Ion Transporter May Contribute to PAH Vascular Remodeling in Animal Study
A study from Johns Hopkins School of Medicine showed that a cellular ion transporter might contribute to the increased expansion and migration of smooth muscle cells lining lung arteries in a model of pulmonary arterial hypertension (PAH). The findings provide new insights into disease mechanisms leading to blood vessel remodeling in PAH.
PAH is characterized by remodeling of the blood vessels supplying the lungs, but caused by factors still poorly understood. A mechanism that has been suggested to regulate the activities of smooth muscle cells in lung arteries is cellular pH, governed by ion transporters in the cell membranes.
One such ion transporter, the Na+/H+ exchanger, exchanging sodium for hydrogen ions, might be particularly important in regulating the functions of these cells. Previous studies have shown that it is involved in disease processes leading to pulmonary hypertension after hypoxia. Its role in PAH has, however, eluded researchers.
The study, “The Na+/H+ exchanger contributes to increased smooth muscle proliferation and migration in a rat model of pulmonary arterial hypertension,“ explored the ion transporter in a PAH rat model with extensive vessel remodeling. Researchers found that while the activity of the transporter was increased, the pH in pulmonary arterial smooth muscle cells was unchanged.
Studying muscle cells isolated from PAH rats, the team noted the cells multiplied and migrated more than those from control rats. When researchers blocked the ion transporter, the activity of the cells returned to normal levels. Interestingly, the transporter exhibited this increased activity despite its own levels being decreased.

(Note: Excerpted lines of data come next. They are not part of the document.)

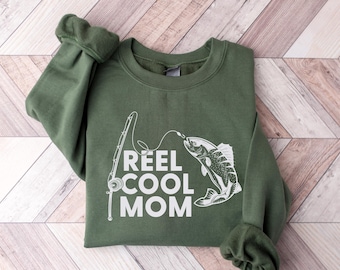 Reel Cool Mom Shirt, Funny Fishing Gift Mom, Lake Life Sweatshirt, Outdoorsy Fisherman Tee, Matching Family Birthday Humor Women Apparel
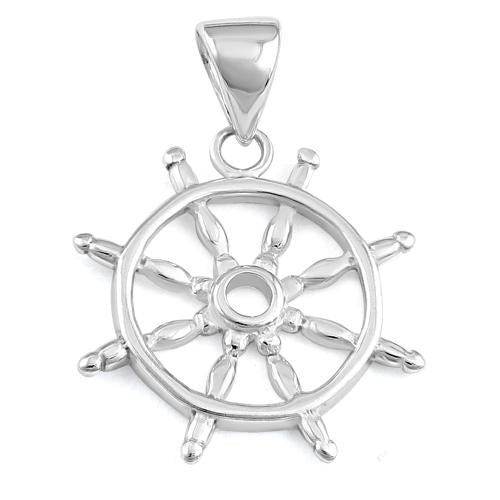 Sterling Silver Boat Helm Pendant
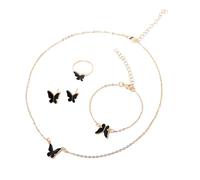 YIGZYCN Set di gioielli a forma di farfalla, collana con ciondolo alla moda, collana regolabile con braccialetto, anelli, orecchini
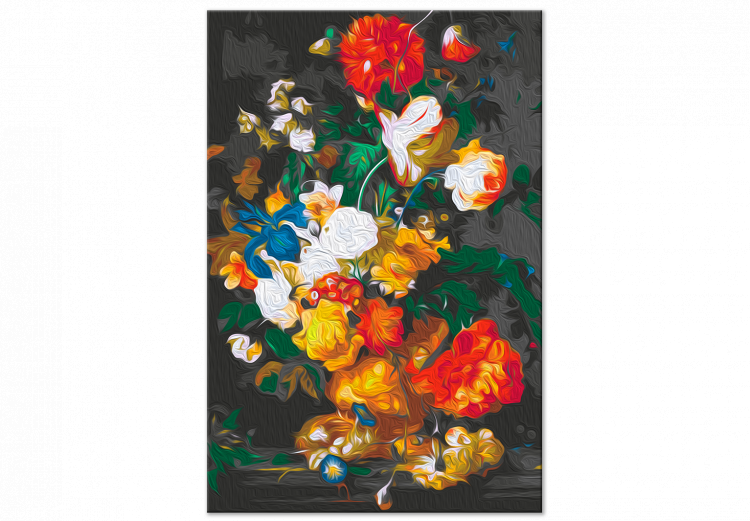 Paint by Number Kit Baroque Nature - Sumptuous Bouquet of Colorful Flowers against a Dark Background 147337 additionalImage 4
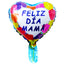 Globos Metalizados Foil (Mayler) 10"Corazón Feliz Día Mamá x1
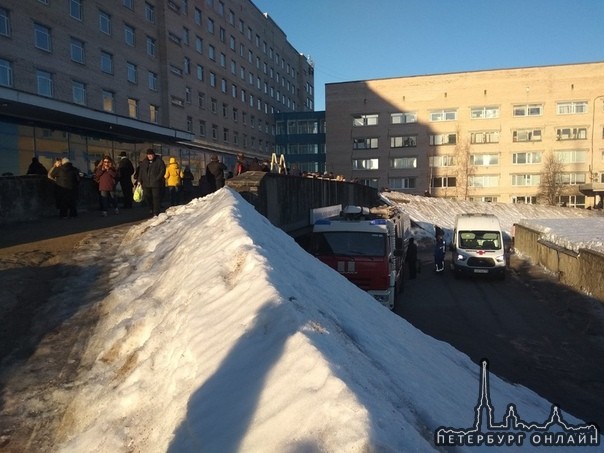 В Елизаветинской больнице пришедших выгнали, больных не выпускают. Внутрь заходит только полиция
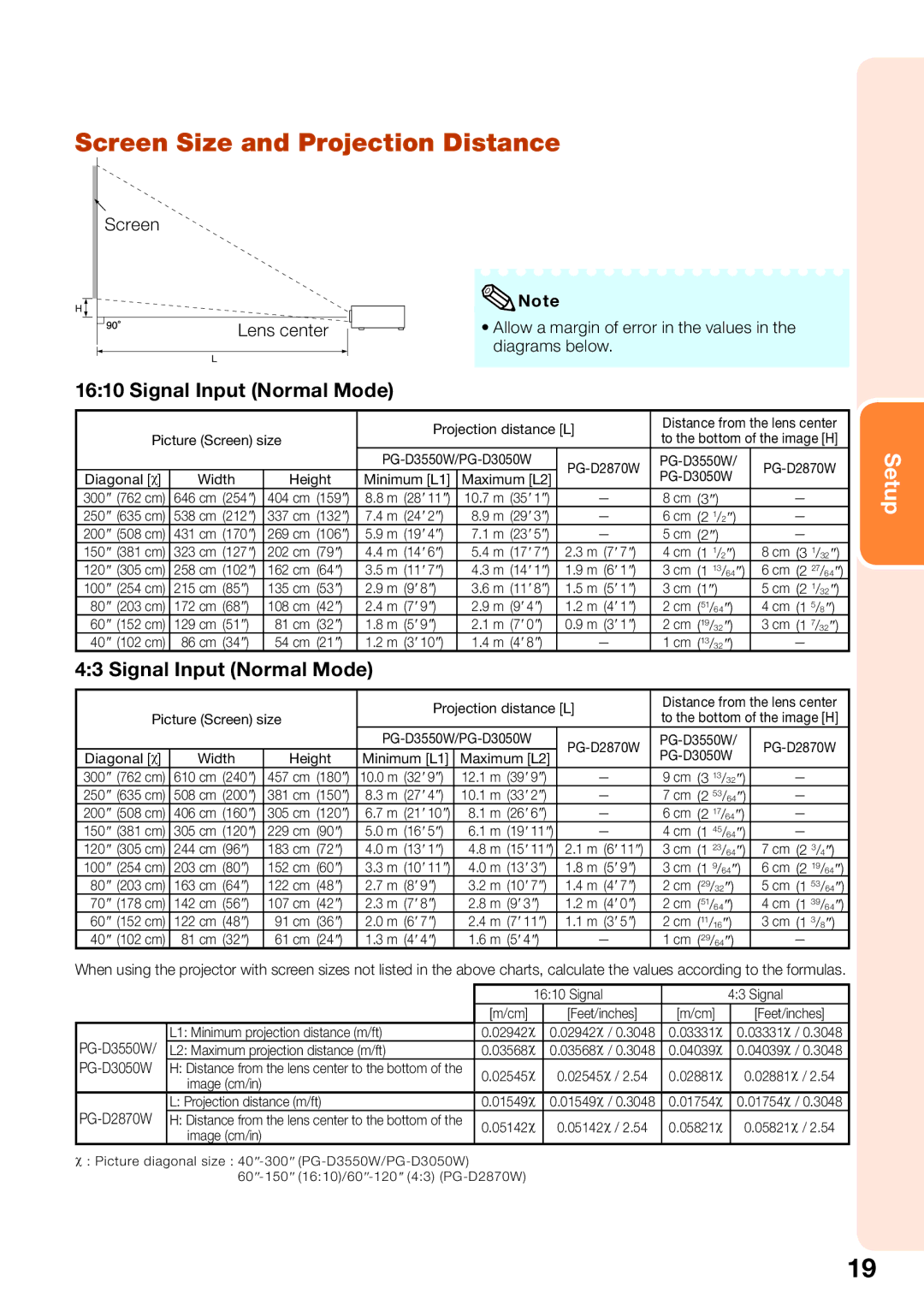 Sharp PG-D3550W, PG-D2870W, PG-D3050W Screen Size and Projection Distance, Signal Input Normal Mode, Screen Lens center 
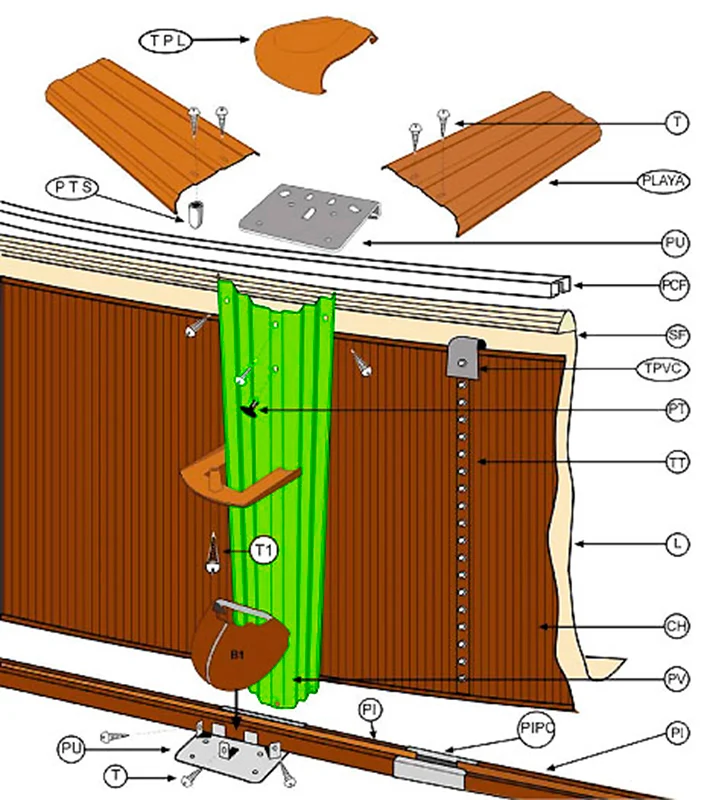 Pack 8 perfiles verticales GRE 129,5 cm madera para piscina desmontable – Ref. PLVW12081295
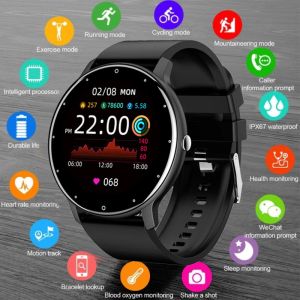 Horloges smartwatch touchscreen smart watch ip68 sport fitness dames mannen bluetooth -zender zl02d armband hartslag bloeddruk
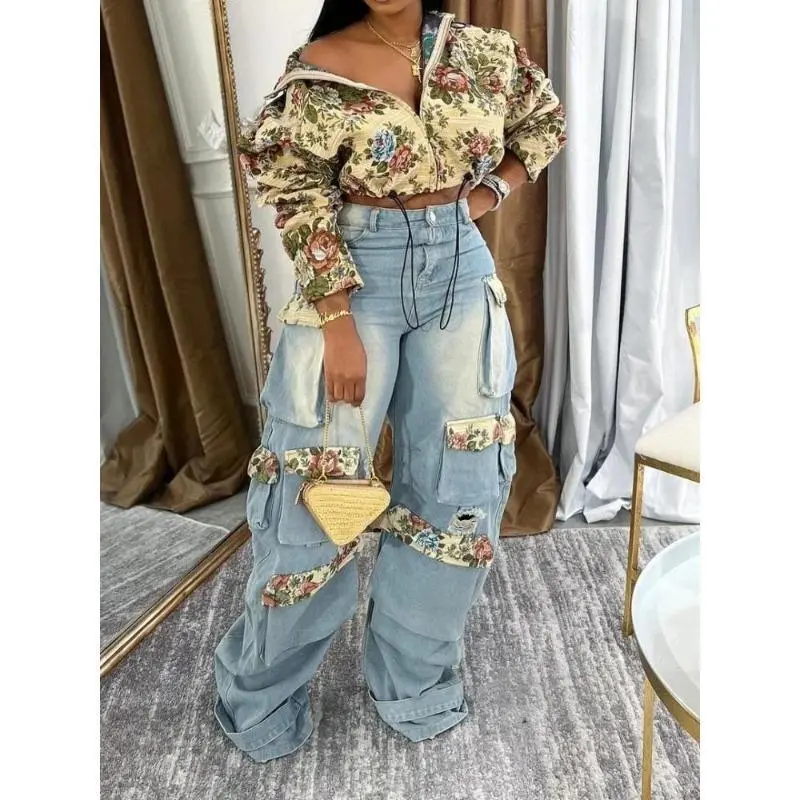 Washed Women's Full Sleeve Floral Jacket and Pocket Cargo Jeans Top Clothes Suits Baggy Womenswear Comfort Turtleneck Loose Oversize Oversized two piece outfit 2 piece sets women No.021 Pants Gamis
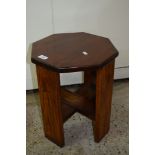 SMALL MAHOGANY AND OAK EFFECT OCTAGONAL TABLE, WIDTH APPROX 35CM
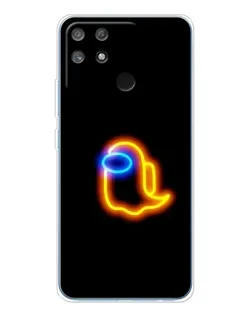 Чехол для Realme NARZO 80 Lite 4G с картинкой «Among Us неоновое сияние»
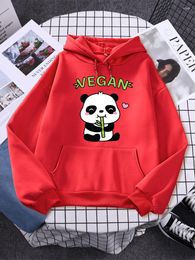 Women's Hoodies Vegan Panda Loves To Eat Bamboo Printing Womans Hoodie Comfortable Cartoons Tops Street O-Neck Clothing Casual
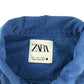 ZARA denim shacket women size S blue cropped wide body cotton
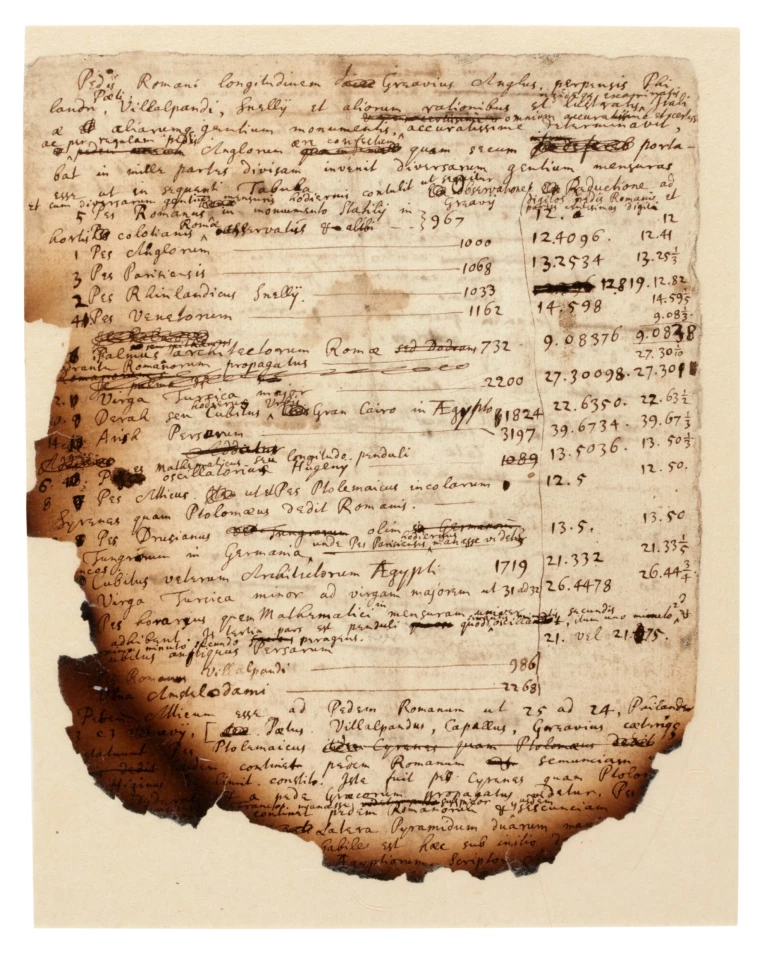 Autograph manuscript notes by Sir Isaac Newton on the Great Pyramid of Egypt, ancient units of measurement, and Biblical prophecy, probably c.1680s. Sold for $504,870 at Sotheby’s on December 8, 2020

Findings indicate that the ion transporter impacts the activity of pulmonary arterial smooth muscle cells in a manner that is not dependent on pH. The team could also conclude that the effects were not mediated by a signaling factor called ROCK, which can relieve the pulmonary arterial pressure in this PAH model.
The study, published in the journal Physiological Reports, also suggested that the activity of the ion transporter might be involved in a common pathway leading to blood vessel remodeling in various types of pulmonary hypertension.
Further studies are required to elucidate the exact mechanism through which the inhibition of the ion transporter alters the function of pulmonary arterial smooth muscle cells, and how the inhibition of the transporter could be used to prevent and/or reverse blood vessel remodeling.